COPYRIGHT(2014) Kirkus Reviews, ALL RIGHTS RESERVED.
March 15, 2014
California was always crawling with scribblers, Tarnoff remarks, while San Francisco, a promising metropolis far from the horrors of the Civil War, engendered a thriving publishing culture supported by voracious, opinionated readers. Four very different writers who just so happened to share contempt for custom and a taste for satire ended up joining forces as the Bohemians: young, bold Mark Twain; Bret Harte, whose dandyish appearance belied courageous defiance (though he did hide his Jewish heritage); the vulnerable, lovable, and clandestinely gay Charles Warren Stoddard; and independent Ina Coolbrith, who concealed her family's Mormon connection and the horrors of her brief marriage. These creative, hardworking, under-stress literary Bohemians turned two journals, Golden Era and Overland Monthly, into nationally renowned forums for fresh, probing, irreverent writing. Tarnoff energetically portrays this irresistible quartet within a vital historical setting, tracking the controversies they sparked and the struggles they endured, bringing forward an underappreciated facet of American literature. We see Twain in a revealing new light, but most affecting are Tarnoff's insights into Harte's downward spiral, Stoddard's faltering, and persevering Coolbrith's triumph as California's first poet laureate.(Reprinted with permission of Booklist, copyright 2014, American Library Association.)
February 15, 2014
San Francisco-based Tarnoff (A Counterfeiter's Paradise) chronicles the lives of four American writers--a young Mark Twain falls in with rising literary star Bret Harte, poet Charles Stoddard, and dark poetess Ina Coolbirth--living in the Bay Area from the early 1860s to 1878, a tumultuous time of boom and bust. Together, these "so-called Bohemians" carouse, chase fame, and heavily influence one another's work. Harte eventually takes on a mentorship role, becomes editor of The Overland, but ultimately his self-absorbed personality effectively dissolves the group.
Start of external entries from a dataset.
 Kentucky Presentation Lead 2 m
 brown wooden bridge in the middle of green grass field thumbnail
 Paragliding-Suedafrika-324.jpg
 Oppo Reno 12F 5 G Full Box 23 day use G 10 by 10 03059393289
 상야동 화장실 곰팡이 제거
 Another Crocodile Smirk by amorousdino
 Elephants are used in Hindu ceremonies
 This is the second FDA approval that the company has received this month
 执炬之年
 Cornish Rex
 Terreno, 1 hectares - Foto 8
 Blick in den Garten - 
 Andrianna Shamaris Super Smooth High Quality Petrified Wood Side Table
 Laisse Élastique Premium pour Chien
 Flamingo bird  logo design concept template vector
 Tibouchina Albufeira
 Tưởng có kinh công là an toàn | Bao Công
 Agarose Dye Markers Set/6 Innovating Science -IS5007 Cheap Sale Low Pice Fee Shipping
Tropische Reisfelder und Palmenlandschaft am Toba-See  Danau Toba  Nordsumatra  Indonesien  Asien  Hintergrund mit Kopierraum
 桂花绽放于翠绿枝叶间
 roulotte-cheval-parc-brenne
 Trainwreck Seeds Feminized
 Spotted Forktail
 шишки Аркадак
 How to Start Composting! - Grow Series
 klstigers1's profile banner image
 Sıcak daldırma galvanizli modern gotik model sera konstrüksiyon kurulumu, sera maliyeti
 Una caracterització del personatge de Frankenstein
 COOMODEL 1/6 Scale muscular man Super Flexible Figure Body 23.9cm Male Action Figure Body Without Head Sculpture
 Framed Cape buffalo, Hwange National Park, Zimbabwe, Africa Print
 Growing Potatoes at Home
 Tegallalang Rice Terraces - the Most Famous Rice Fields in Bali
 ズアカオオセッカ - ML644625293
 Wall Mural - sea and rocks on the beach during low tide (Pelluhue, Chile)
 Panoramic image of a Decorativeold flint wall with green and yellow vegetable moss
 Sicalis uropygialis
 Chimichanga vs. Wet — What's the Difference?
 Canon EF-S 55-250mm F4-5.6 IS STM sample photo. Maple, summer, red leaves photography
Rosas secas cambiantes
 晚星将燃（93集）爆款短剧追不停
In the book's first half, Tarnoff successfully paints a grand portrait of San Francisco, bringing to life the friendship and rivalry of the writers. While the latter half of this title lacks the spirit infused into its beginning, Tarnoff describes admirably Twain's growth following his departure from the West Coast and his courtship of Olivia Langdon. Particular attention is paid to Twain's evolution from story writer to star author, with his publication of The Innocents Abroad in 1869. VERDICT Readers hoping for a work wholly dedicated to the writers living in San Francisco during the period may be somewhat disappointed, as two of the four are not in the city for half of the years covered in the book. Recommended for fans of the authors, particularly Harte and Twain, and readers of American history, biography, and American literary history. [See Prepub Alert, 10/1/13.]--Benjamin Brudner, Curry Coll. Lib., Milton, MA
Copyright 2014 Library Journal, LLC Used with permission.
October 1, 2013
In the 19th century, it wasn't just East Coast imagination shaping and reshaping American literature. San Francisco-born author/journalist Tarnoff (A Counterfeiter's Paradise) starts in the 1860s in his hometown, introducing us to the so-called Bohemians: Mark Twain (out west as a draft dodger), the admired Bret Harte, gay writer Charles Warren Stoddard, and poet Ina Coolbrith. Trailblazing.